• [Work instructions]:
Every record must be copied out exactly.

---------- Given information

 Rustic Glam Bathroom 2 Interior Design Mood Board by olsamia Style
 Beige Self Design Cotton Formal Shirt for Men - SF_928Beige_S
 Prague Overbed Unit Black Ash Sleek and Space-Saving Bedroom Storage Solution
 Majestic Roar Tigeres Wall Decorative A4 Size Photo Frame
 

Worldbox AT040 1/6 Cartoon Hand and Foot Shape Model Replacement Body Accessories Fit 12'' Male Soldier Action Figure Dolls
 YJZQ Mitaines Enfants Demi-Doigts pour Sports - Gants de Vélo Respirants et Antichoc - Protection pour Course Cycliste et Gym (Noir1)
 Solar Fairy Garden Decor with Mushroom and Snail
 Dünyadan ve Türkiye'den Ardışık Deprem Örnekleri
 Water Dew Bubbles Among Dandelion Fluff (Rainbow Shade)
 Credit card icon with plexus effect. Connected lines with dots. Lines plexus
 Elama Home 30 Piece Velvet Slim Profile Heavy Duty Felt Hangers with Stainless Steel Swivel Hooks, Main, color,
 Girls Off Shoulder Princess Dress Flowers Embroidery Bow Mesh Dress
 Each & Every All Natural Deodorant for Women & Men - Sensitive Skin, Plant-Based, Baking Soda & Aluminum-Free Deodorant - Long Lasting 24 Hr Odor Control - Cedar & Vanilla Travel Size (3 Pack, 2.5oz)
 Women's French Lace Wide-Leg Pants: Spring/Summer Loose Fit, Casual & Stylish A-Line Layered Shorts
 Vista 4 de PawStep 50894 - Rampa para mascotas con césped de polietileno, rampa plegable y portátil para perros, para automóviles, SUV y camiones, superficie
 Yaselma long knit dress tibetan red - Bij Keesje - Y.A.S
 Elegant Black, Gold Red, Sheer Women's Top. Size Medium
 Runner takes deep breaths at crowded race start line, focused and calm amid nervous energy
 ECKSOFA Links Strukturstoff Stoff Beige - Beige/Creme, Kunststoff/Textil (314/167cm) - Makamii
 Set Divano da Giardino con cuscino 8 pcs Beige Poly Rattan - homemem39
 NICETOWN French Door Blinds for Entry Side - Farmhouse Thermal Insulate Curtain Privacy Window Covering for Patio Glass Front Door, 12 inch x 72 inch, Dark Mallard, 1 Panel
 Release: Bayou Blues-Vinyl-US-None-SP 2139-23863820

--------------------

• [Solution to this task]:
 Rustic Glam Bathroom 2 Interior Design Mood Board by olsamia Style
 Beige Self Design Cotton Formal Shirt for Men - SF_928Beige_S
 Prague Overbed Unit Black Ash Sleek and Space-Saving Bedroom Storage Solution
 Majestic Roar Tigeres Wall Decorative A4 Size Photo Frame
 

Worldbox AT040 1/6 Cartoon Hand and Foot Shape Model Replacement Body Accessories Fit 12'' Male Soldier Action Figure Dolls
 YJZQ Mitaines Enfants Demi-Doigts pour Sports - Gants de Vélo Respirants et Antichoc - Protection pour Course Cycliste et Gym (Noir1)
 Solar Fairy Garden Decor with Mushroom and Snail
 Dünyadan ve Türkiye'den Ardışık Deprem Örnekleri
 Water Dew Bubbles Among Dandelion Fluff (Rainbow Shade)
 Credit card icon with plexus effect. Connected lines with dots. Lines plexus
 Elama Home 30 Piece Velvet Slim Profile Heavy Duty Felt Hangers with Stainless Steel Swivel Hooks, Main, color,
 Girls Off Shoulder Princess Dress Flowers Embroidery Bow Mesh Dress
 Each & Every All Natural Deodorant for Women & Men - Sensitive Skin, Plant-Based, Baking Soda & Aluminum-Free Deodorant - Long Lasting 24 Hr Odor Control - Cedar & Vanilla Travel Size (3 Pack, 2.5oz)
 Women's French Lace Wide-Leg Pants: Spring/Summer Loose Fit, Casual & Stylish A-Line Layered Shorts
 Vista 4 de PawStep 50894 - Rampa para mascotas con césped de polietileno, rampa plegable y portátil para perros, para automóviles, SUV y camiones, superficie
 Yaselma long knit dress tibetan red - Bij Keesje - Y.A.S
 Elegant Black, Gold Red, Sheer Women's Top. Size Medium
 Runner takes deep breaths at crowded race start line, focused and calm amid nervous energy
 ECKSOFA Links Strukturstoff Stoff Beige - Beige/Creme, Kunststoff/Textil (314/167cm) - Makamii
 Set Divano da Giardino con cuscino 8 pcs Beige Poly Rattan - homemem39
 NICETOWN French Door Blinds for Entry Side - Farmhouse Thermal Insulate Curtain Privacy Window Covering for Patio Glass Front Door, 12 inch x 72 inch, Dark Mallard, 1 Panel
 Release: Bayou Blues-Vinyl-US-None-SP 2139-23863820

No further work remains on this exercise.